WHAT YOU NEED TO DO: Transcribe exactly, please, the line bearing "Fig. 03 - Methods" and all later lines through the end of the records, with the pictures left out.

Extracted data entries:
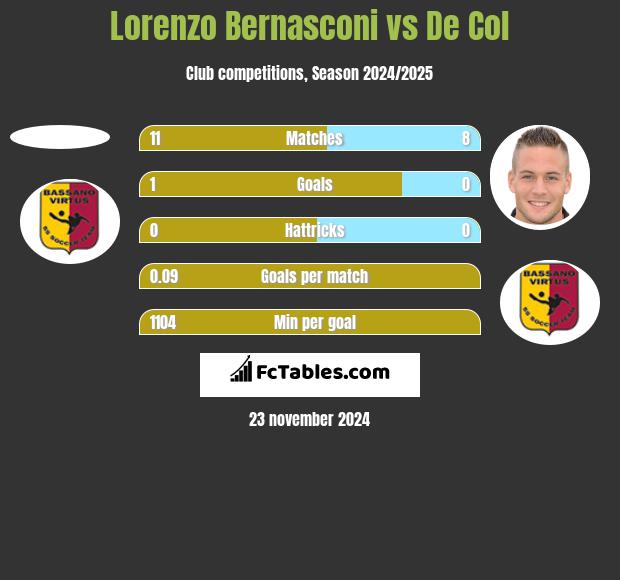 Lorenzo Bernasconi vs De Col h2h player stats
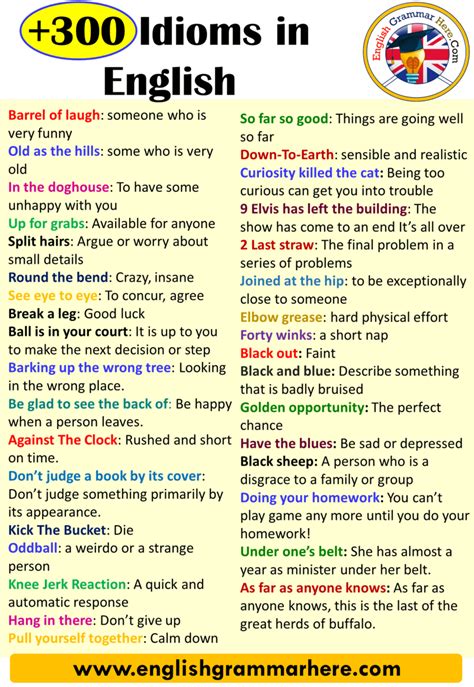 English Idioms Definitions And Examples English Grammar Here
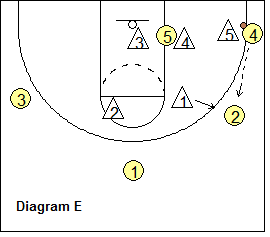 Circle Defense - ball in the corner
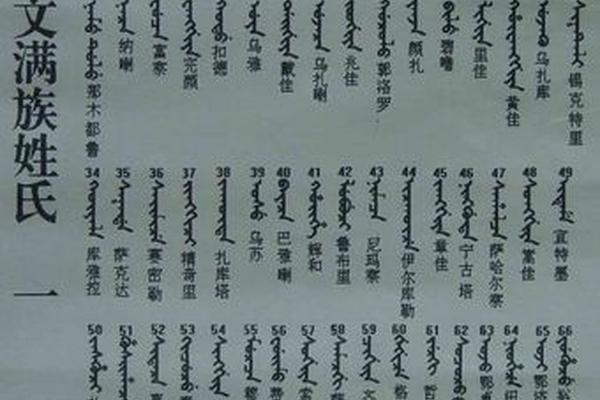 满族文化网富察春兵-富察氏族谱56个字辈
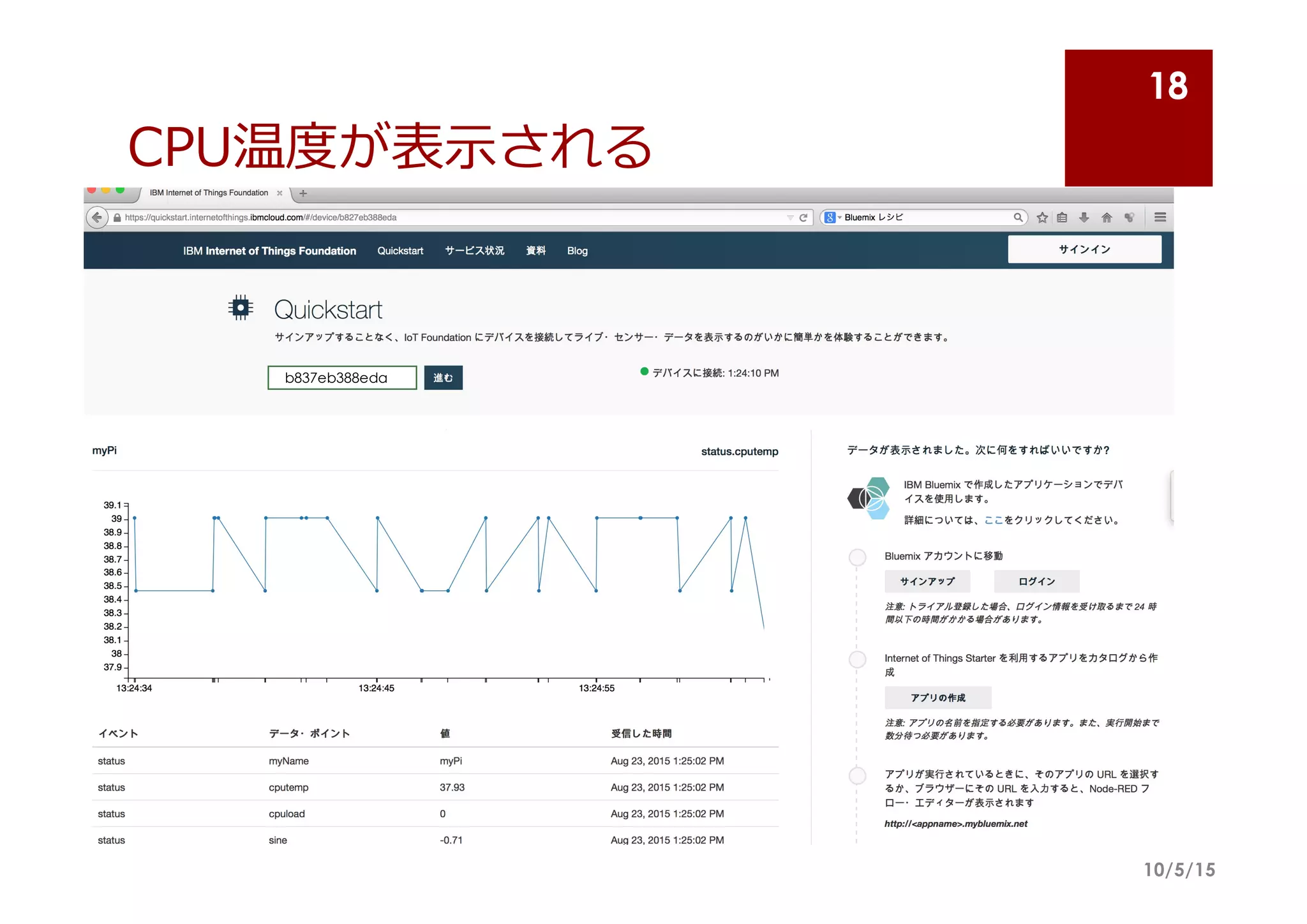 CPU温度度が表⽰示される
10/5/15
18
b837eb388eda
 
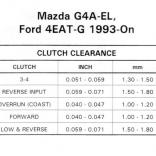 Ford/Mazda G4A-EL, GF4A-EL, 4EAT-G Зазоры в пакетах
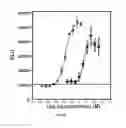 Fig. 03 - Methods and compositions associated with the granulocyte colony-stimulating factor receptor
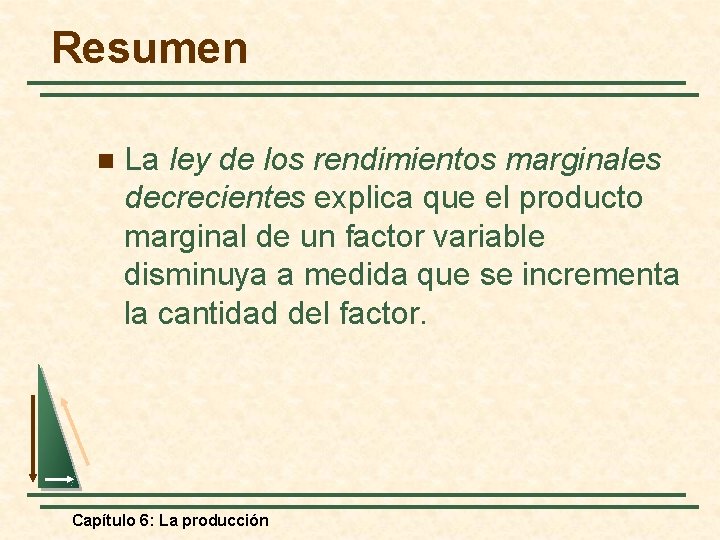 Resumen n La ley de los rendimientos marginales decrecientes explica que el producto marginal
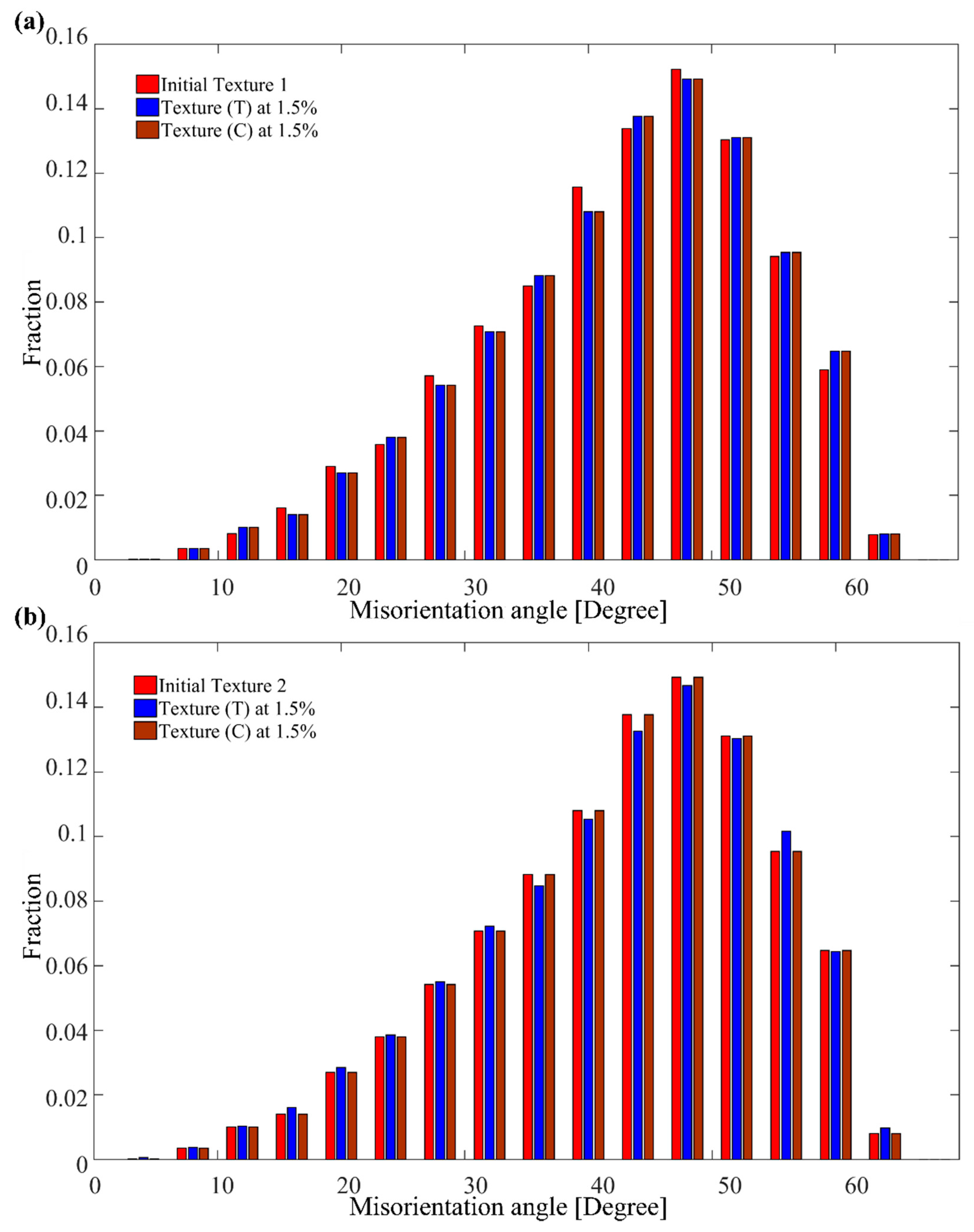 Crystals 12 00889 g006 550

TASK RESULT:
 Fig. 03 - Methods and compositions associated with the granulocyte colony-stimulating factor receptor
 Resumen n La ley de los rendimientos marginales decrecientes explica que el producto marginal
 Crystals 12 00889 g006 550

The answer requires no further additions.